▶ _Problem requirements_
All that is wanted is the exact text of the lines below from the one with "Treatment of Alzheimers" through the one with "ルブラン 奈良店(Le Blanc)/印象良く！！", inclusive, minus any pictures.

(Pictures with short captions)
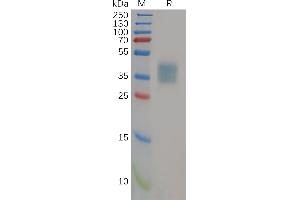 Human IL21R Protein, His Tag on SDS-PAGE under reducing condition.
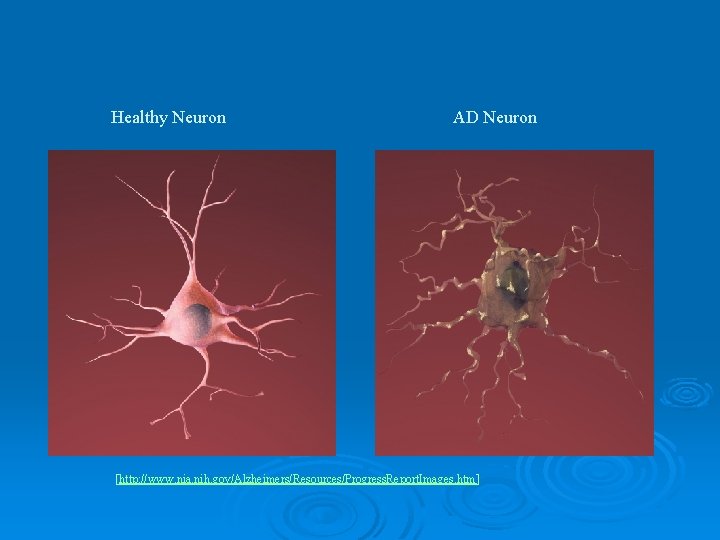 Treatment of Alzheimers Disease Jennifer Stearns 20 April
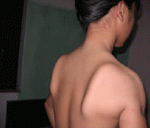 Bệnh ‘chim sệ cánh’ ở trẻ em có thể do tiêm chủng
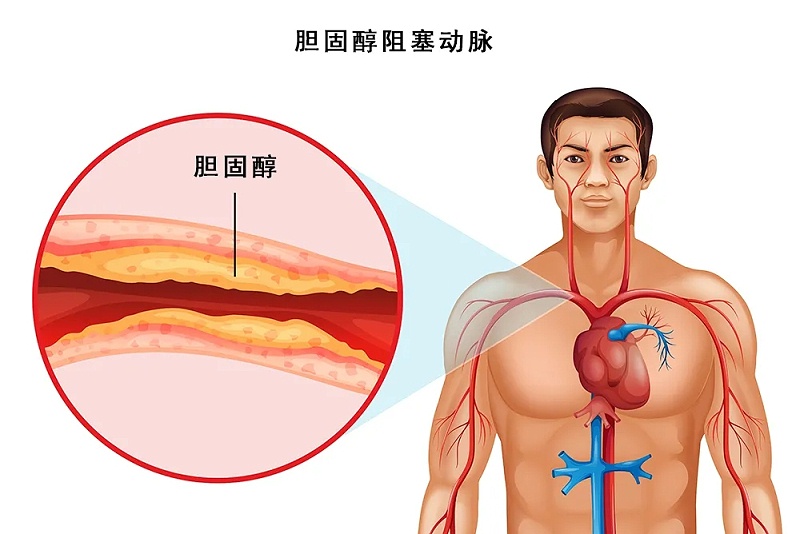 水蛭素、脖子粗、血管硬化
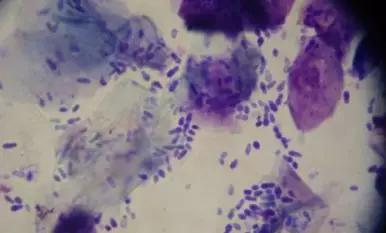 头皮屑多怎么办9个方法告别头屑,头皮屑多怎么办快速消除用什么药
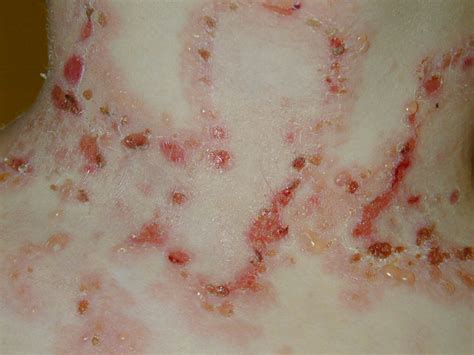 epidermolysis bullosa pictures - pictures, photos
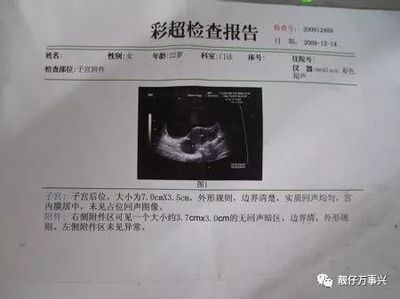 怀孕可以做婚检吗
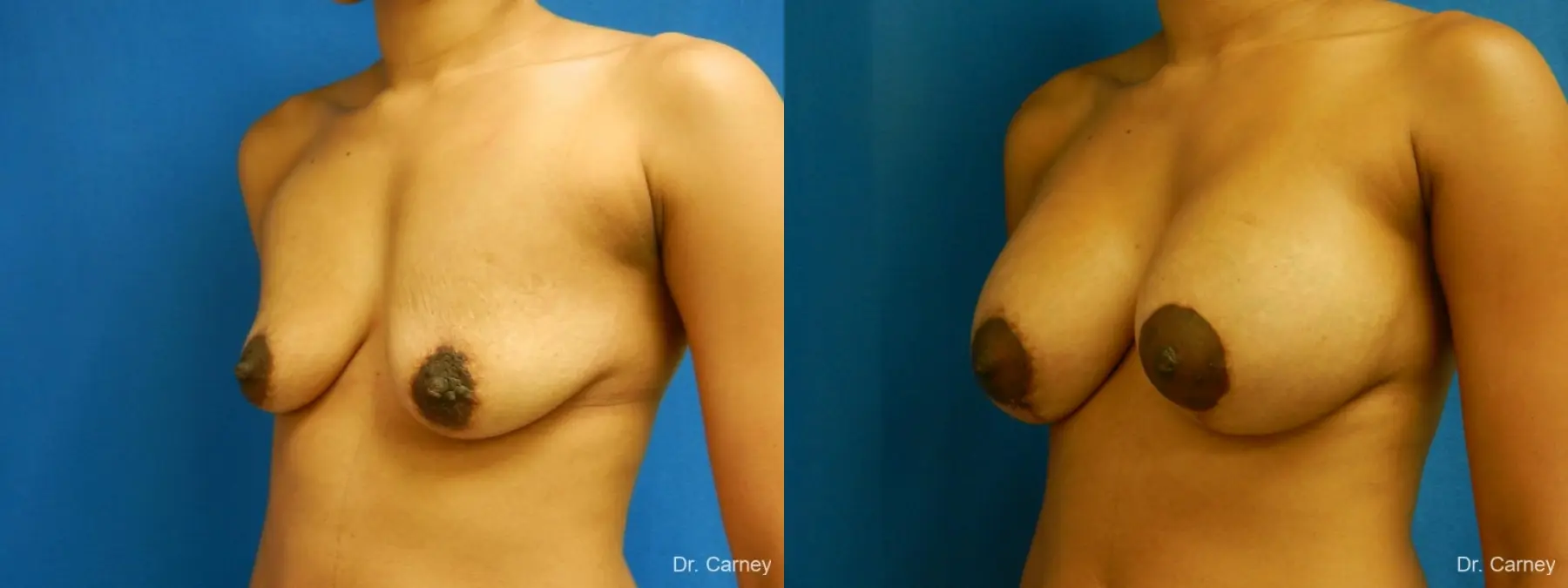 Virginia Beach Combo Procedure Breast 1861 - Before and After 4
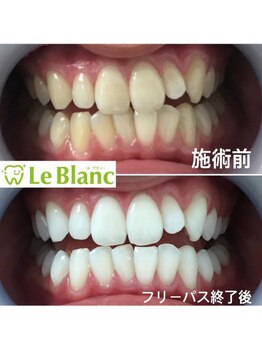 ルブラン 奈良店(Le Blanc)/印象良く！！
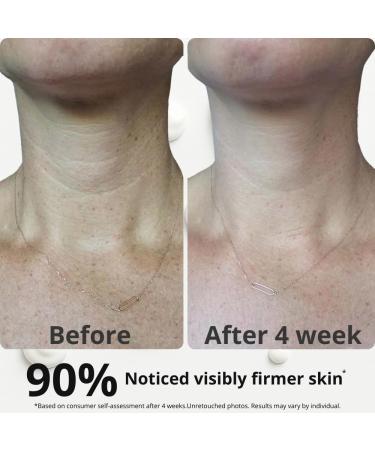 Neck Tightening Cream with Argireline AH-8 Bakuchiol Hyaluronic Acid & Alpha Arbutin Firming Moisturizer for Face Neck & D collet Anti-Wrinkle Cream for Women & Men 1.76 Oz - Buy Online on GoSupps.com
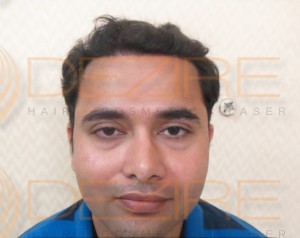 male hair transplant cost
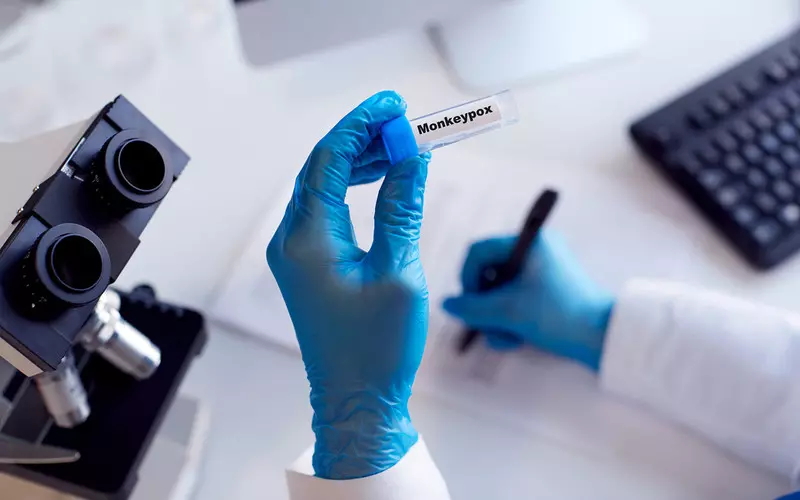 Eksperci: Krążący ostatnio po świecie wirus małpiej ospy nie powstał w żadnym laboratorium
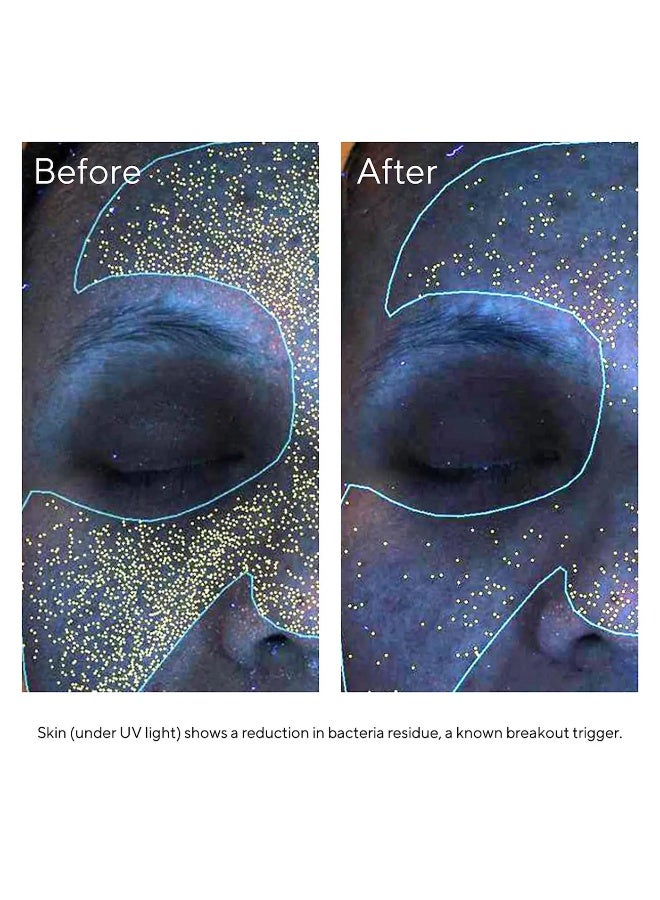 Murad جل مرطب خالي من الزيت - يرطب البشرة المعرضة للبثور، يهدئ الاحمرار ويقلل من دهنية البشرة للحصول على بشرة متوازنة (60 مل) - Image 5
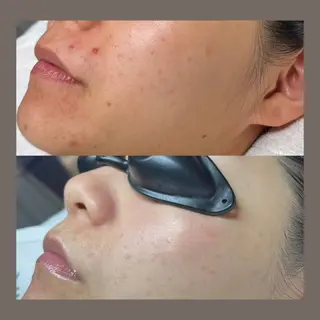 愛維美水光美肌専門店所属・愛維美水光美肌専門店 メンズレディースokのエステ・リラクイメージ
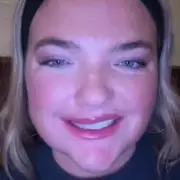 Snus warning: TikTok user's face left lopsided by nicotine pouches
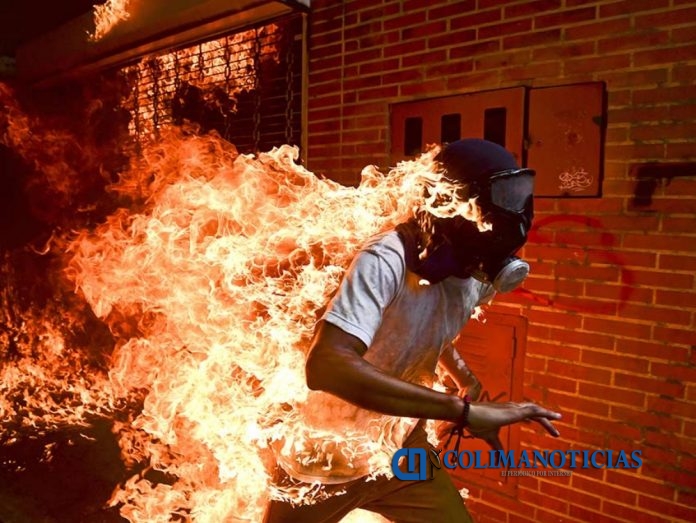 World Press Photo 2018 venezuela
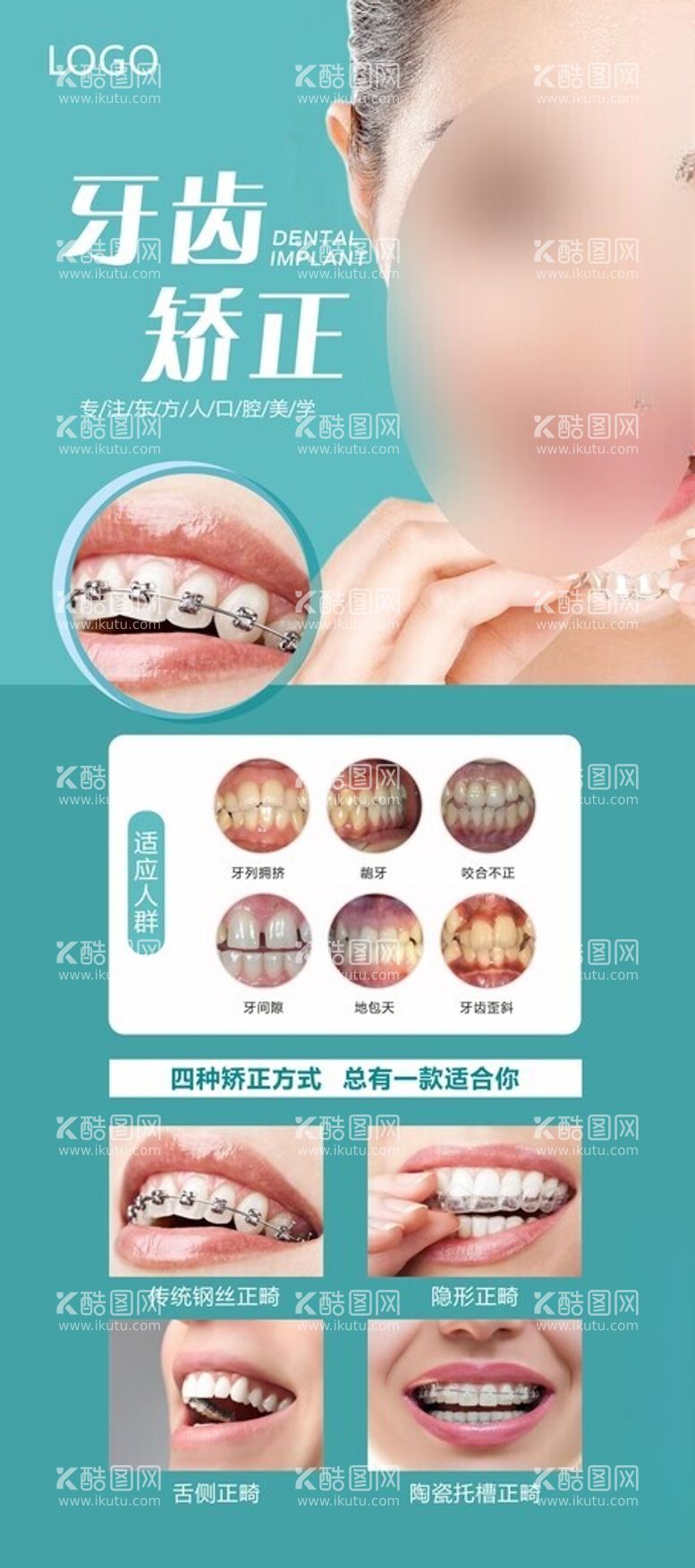 编号：42378803080029215118【酷图网】源文件下载-牙齿矫正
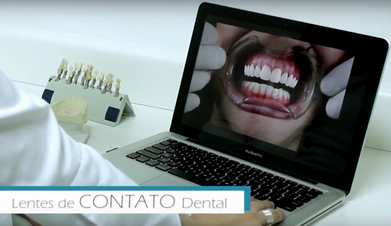 Clínicas de Estética para Dentes na Lapa - Clínica de Estética Dental para Lente Dental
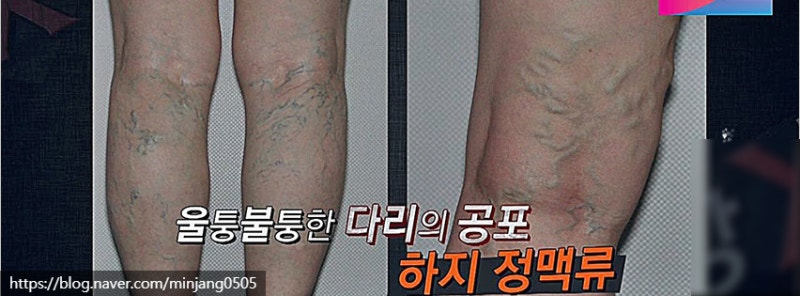 의자병 원인 및 척추측만증 하지정맥류 위험성 사진 8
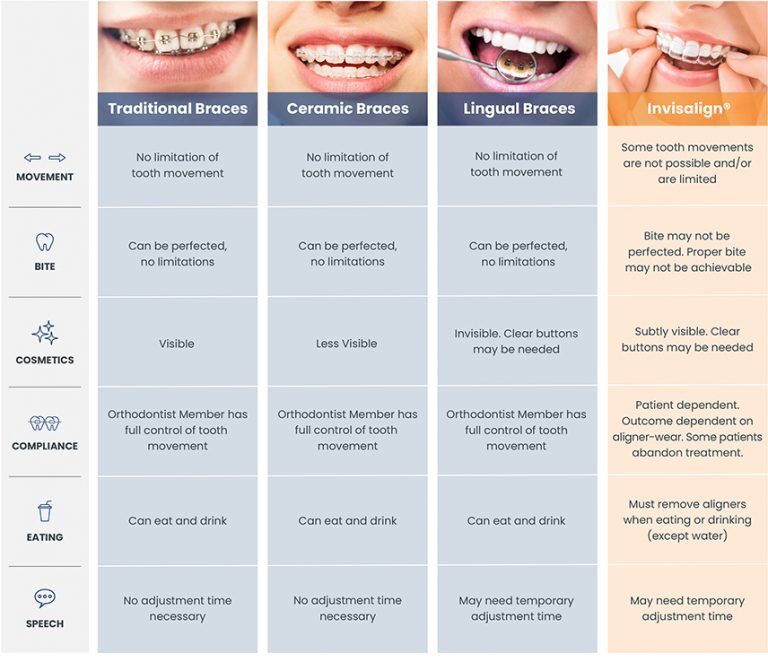 How Much Does Invisalign Express Cost for Only Upper Teeth 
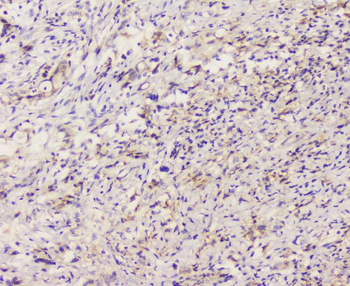 Anti-EML4 Antibody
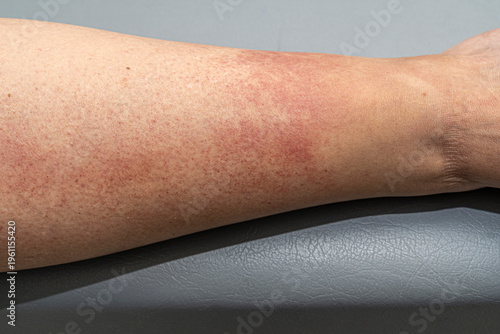 Tableau sur toile Elderly patient with vasculitis in the legs due to an adverse reaction to atenolol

▶ _Task response_
 Treatment of Alzheimers Disease Jennifer Stearns 20 April
 Bệnh ‘chim sệ cánh’ ở trẻ em có thể do tiêm chủng
 水蛭素、脖子粗、血管硬化
 头皮屑多怎么办9个方法告别头屑,头皮屑多怎么办快速消除用什么药
 epidermolysis bullosa pictures - pictures, photos
 怀孕可以做婚检吗
 Virginia Beach Combo Procedure Breast 1861 - Before and After 4
 ルブラン 奈良店(Le Blanc)/印象良く！！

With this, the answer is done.